**RECORD SET**
****************

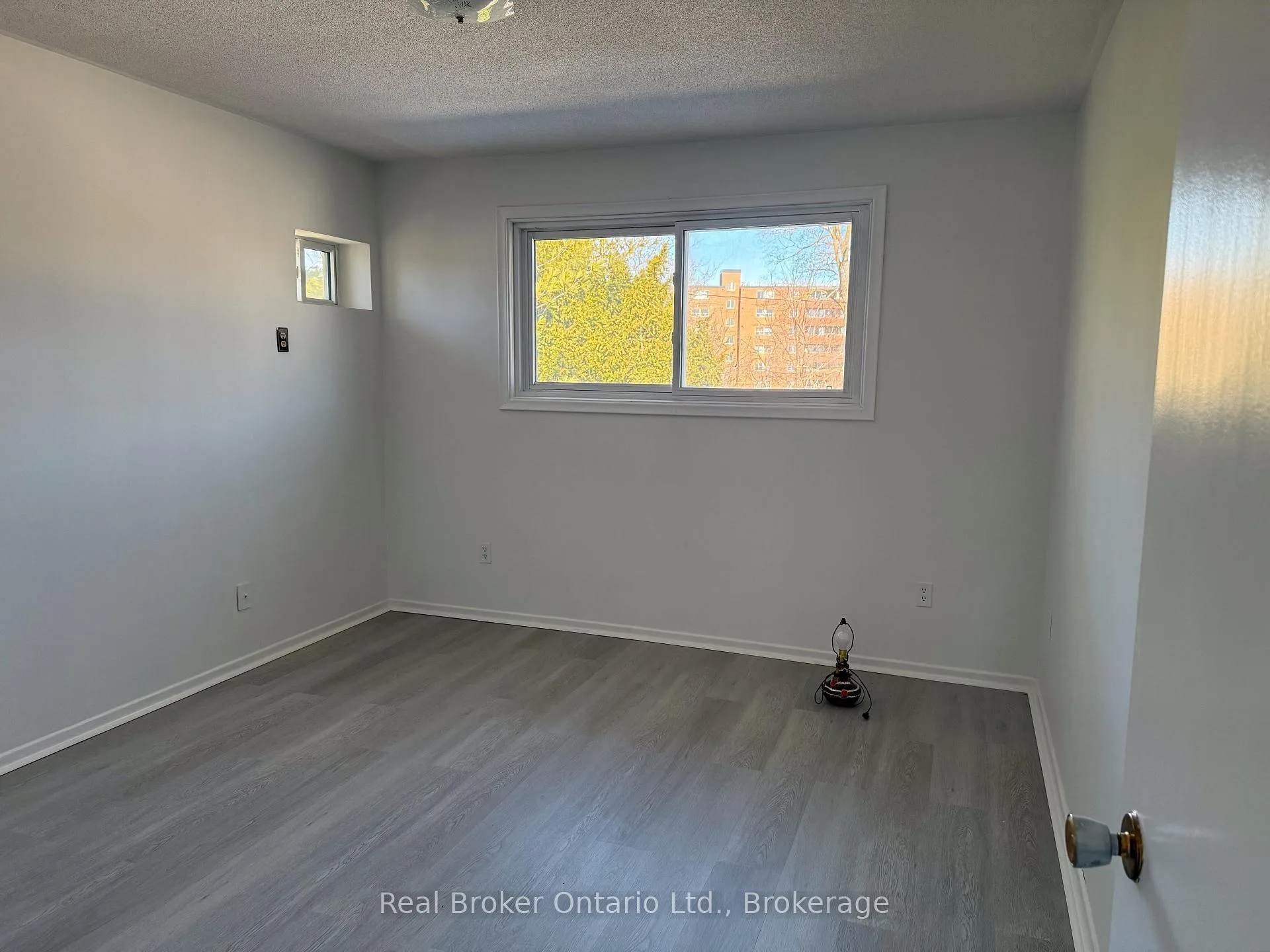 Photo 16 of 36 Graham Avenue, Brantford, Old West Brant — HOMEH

****************

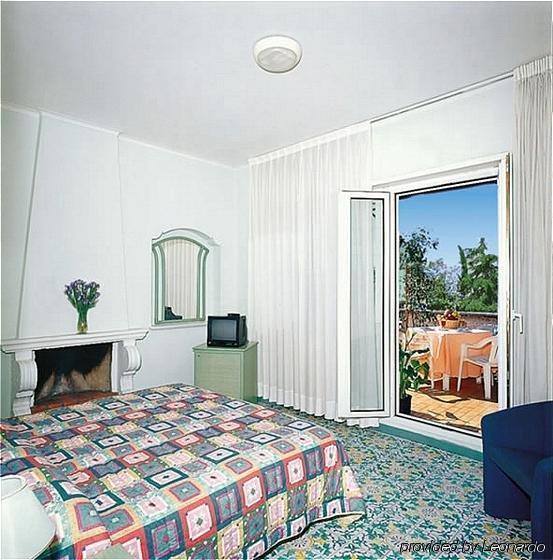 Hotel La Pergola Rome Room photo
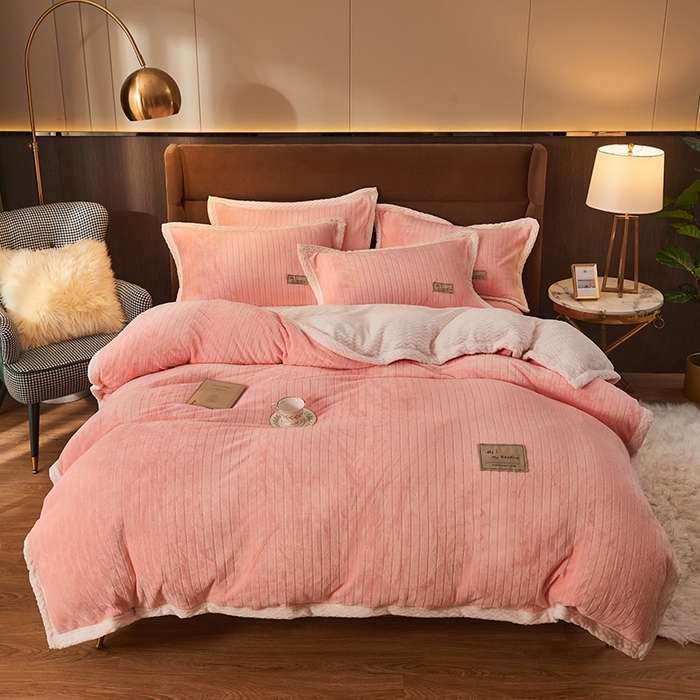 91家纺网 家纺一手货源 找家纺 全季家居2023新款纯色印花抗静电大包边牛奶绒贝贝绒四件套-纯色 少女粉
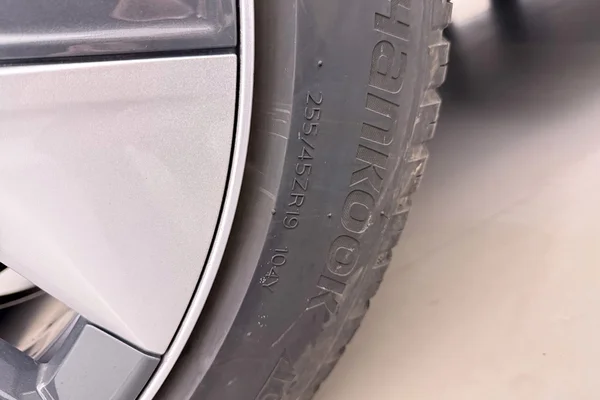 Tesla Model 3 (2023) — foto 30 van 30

****************

**EXERCISE DESCRIPTION**
Give back the exact lines above, running from the one that has "Hotel La Pergola Rome Room photo" through the one that has "Tesla Model 3 (2023) — foto 30 van 30", with nothing added and no pictures.

**RESPONSE AREA**
 Hotel La Pergola Rome Room photo
 91家纺网 家纺一手货源 找家纺 全季家居2023新款纯色印花抗静电大包边牛奶绒贝贝绒四件套-纯色 少女粉
 Tesla Model 3 (2023) — foto 30 van 30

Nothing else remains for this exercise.